B Amount for Lost Items

Pursuant to 49 U.S.C. § 14706(a)(1), the delivering carrier is “liable to persons entitled to recover under the receipt or bill of lading. The liability imposed under this paragraph is for the actual loss or injury to the property caused by the delivering carrier.”49 U.S.C. § 14706(a)(1). A carrier may limit its liability “to a value established by written declaration of the shipper or by written agreement.”49 U.S.C. 14706(f). In other words, the carrier is liable for the actual loss, unless there is an agreement between the shipper and the carrier that states otherwise.

Here, the agreement (bill of lading) provides for two options regarding the carrier’s liability. (Attachment 3 to Exhibit 1). The first option limits the carrier’s liability “to $0.60 per pound per article for all items indicated as damaged or missing at the time of delivery.”Id. The second option provides for full replacement value protection. Id. Plaintiff marked both boxes on the bill of lading. Id.

In determining which option plaintiff is bound by and ultimately the relief to which she is entitled, the magistrate judge notes that according to the agreement, in order to receive full replacement value protection, the shipper must pay a fee of $8.50 for every 1000 pounds of the shipment’s declared value. Id. However, the agreement does not indicate the declared value of the shipment. Id. Nor does it show that plaintiff paid the fee to receive full replacement value protection. Id. Thus, it does not appear that plaintiff declared the value of the shipment and paid the corresponding fee entitling her to full replacement value protection. Accordingly, the magistrate judge finds that plaintiff agreed to the carrier’s limitation restricting its liability to “$0.60 per pound per article for all items indicated as damaged or missing at the time of delivery.”Id.

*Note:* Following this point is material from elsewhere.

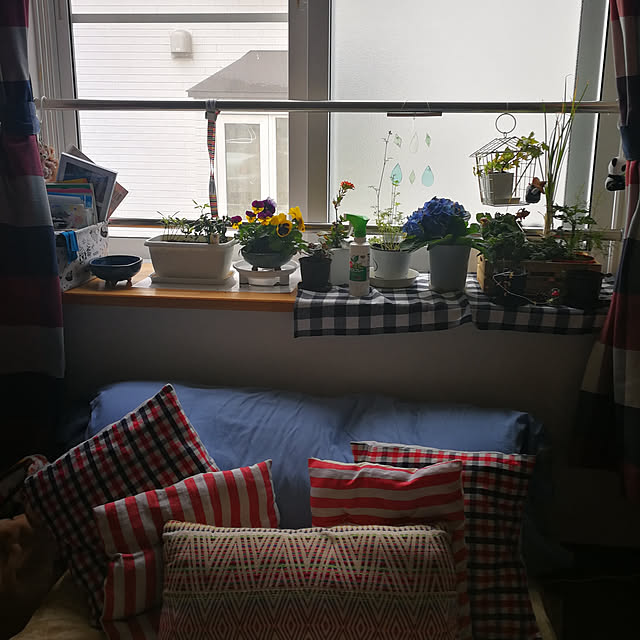 Helenaさんの実例写真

However, for the limitation in the agreement to be effective and for plaintiff to be bound by it, the carrier must: (1) maintain a tariff in compliance with the requirements of the Interstate Commerce Commission; (2) give the shipper a reasonable opportunity to choose between two or more levels of liability; (3) obtain the shipper’s agreement as to her choice of carrier liability limit; and (4) issue a bill of lading prior to moving the shipment that reflects any such agreement. Hughes Aircraft Co. v. North American Van Lines, Inc., 970 F.2d 609, 611-12 (9th Cir.1992) (citing Rohner Gehrig Co., Inc. v. Tri-State Motor Transit, 950 F.2d 1079, 1081 (5th Cir.1992) (en banc)); See also Acro Automation Sys. v. Iscont Shipping, 706 F.Supp. 413, 415 (D.Md.1989). The carrier bears the burden of proving that it has complied with these requirements. Carmana Designs, Inc., v. North American Van Lines, Inc., 943 F.2d 316, 319 (3d Cir.1991).

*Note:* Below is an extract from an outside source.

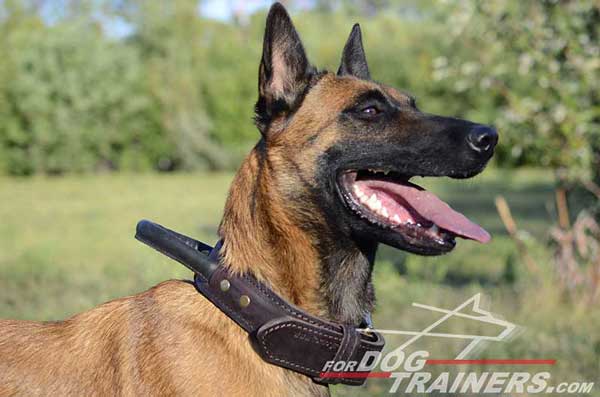 Wide Leather Belgian Malinois Collar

By failing to file an answer or otherwise plead to the complaint, defendant has failed to carry its burden to prove that the liability limitation was effective. Accordingly, the magistrate judge finds that defendant’s attempt to limit its liability is ineffective and plaintiff ultimately is entitled to the full replacement value of her belongings in the amount of $5,580.00 pursuant to 49 U.S.C. § 14706(a)(1).

C. Pro-Rata Percentage of the Binding Estimate

Pursuant to 49 C.F.R. § 375.707(a)(1)(I) if a shipment is partially lost the carrier can only collect a prorated percentage of the binding estimate equal to the percentage of weight of that portion of the shipment delivered relative to the total weight of the shipment.

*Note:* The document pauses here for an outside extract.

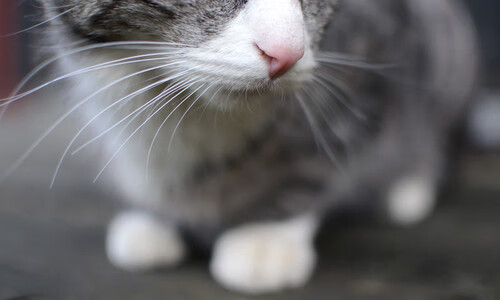 国家队缺乏长期技战术发展规划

In order to determine the prorated amount to which plaintiff is entitled to have refunded, the magistrate judge directed plaintiff to submit an affidavit estimating the weight of the items that defendant did not deliver (docket no. 14). Accordingly, plaintiff submitted an affidavit, which was based, in part, on the American Moving and Storage Association Joint Military/Industry Table of Weights and Depreciation Guide, indicating that the total weight of items that were missing at the time of delivery weighed 55 pounds. The affidavit is a sufficient basis to find, as the magistrate judge now does, that the total weight of the items not delivered was 55 pounds.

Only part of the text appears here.